▶ Exercise objective
Please copy every record below exactly, but leave the pictures out.

▶ Source material

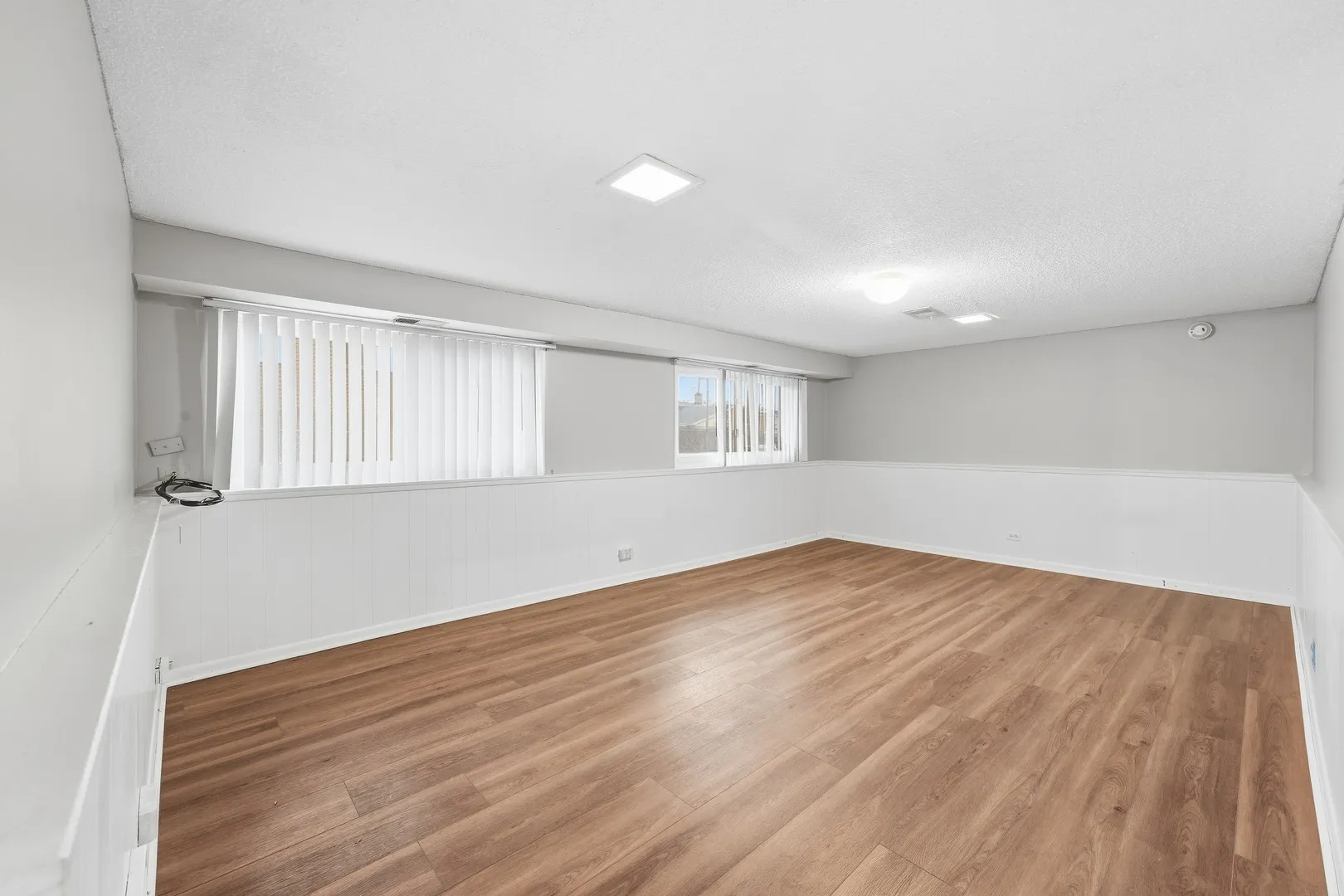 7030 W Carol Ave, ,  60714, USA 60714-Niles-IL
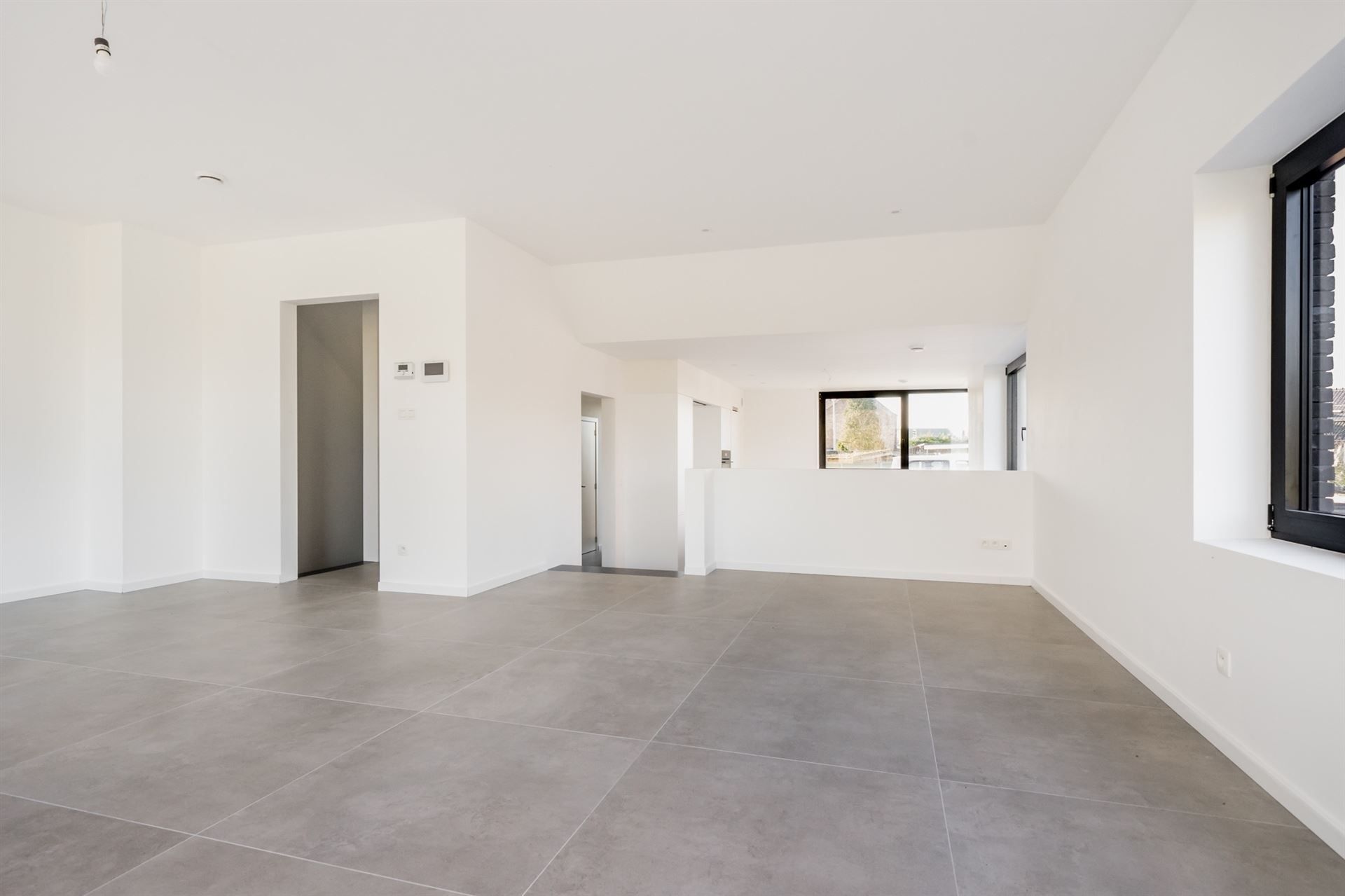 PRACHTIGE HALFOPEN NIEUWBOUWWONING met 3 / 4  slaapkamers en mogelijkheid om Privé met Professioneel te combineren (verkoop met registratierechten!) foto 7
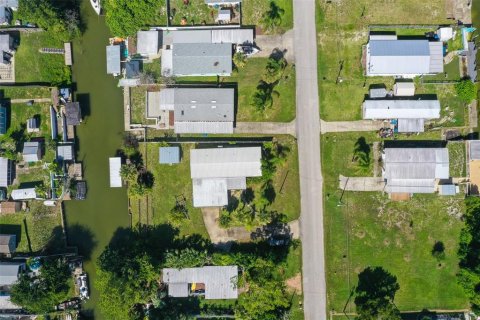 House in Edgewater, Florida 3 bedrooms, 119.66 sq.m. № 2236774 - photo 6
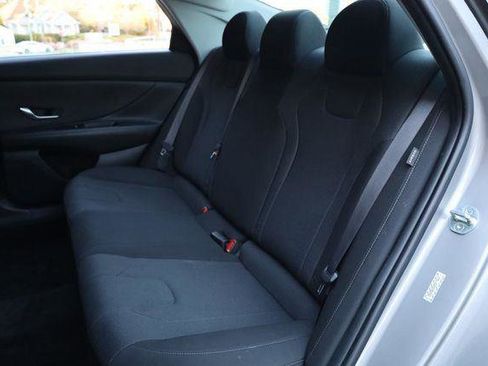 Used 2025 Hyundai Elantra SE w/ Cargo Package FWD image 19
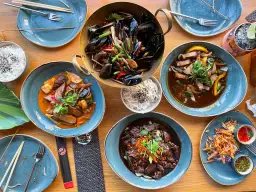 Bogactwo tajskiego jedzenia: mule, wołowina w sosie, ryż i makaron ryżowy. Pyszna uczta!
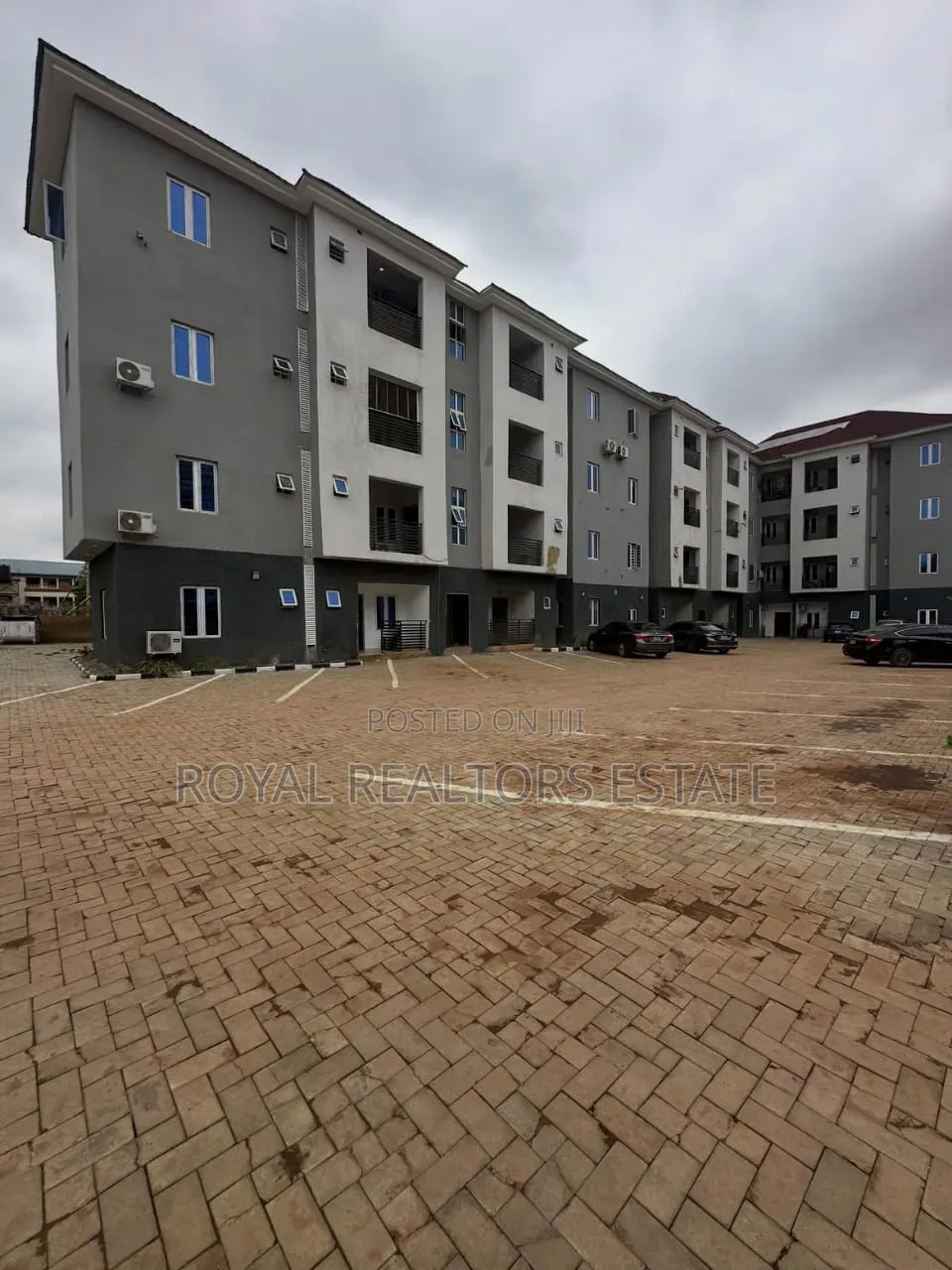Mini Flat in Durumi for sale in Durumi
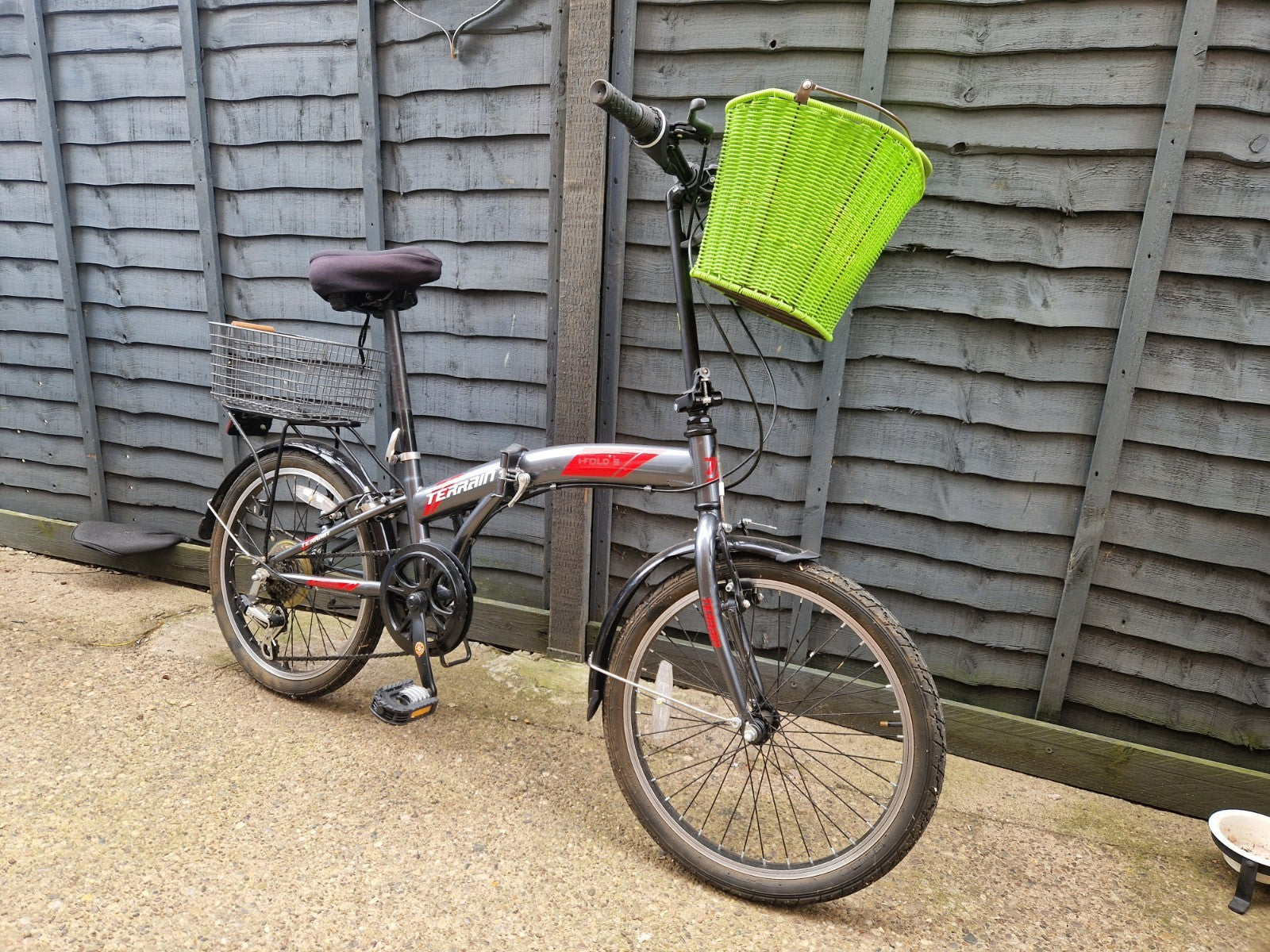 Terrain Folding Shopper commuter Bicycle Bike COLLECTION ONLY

▶ Answer to this exercise
 7030 W Carol Ave, ,  60714, USA 60714-Niles-IL
 PRACHTIGE HALFOPEN NIEUWBOUWWONING met 3 / 4  slaapkamers en mogelijkheid om Privé met Professioneel te combineren (verkoop met registratierechten!) foto 7
 House in Edgewater, Florida 3 bedrooms, 119.66 sq.m. № 2236774 - photo 6
 Used 2025 Hyundai Elantra SE w/ Cargo Package FWD image 19
 Bogactwo tajskiego jedzenia: mule, wołowina w sosie, ryż i makaron ryżowy. Pyszna uczta!
Mini Flat in Durumi for sale in Durumi
 Terrain Folding Shopper commuter Bicycle Bike COLLECTION ONLY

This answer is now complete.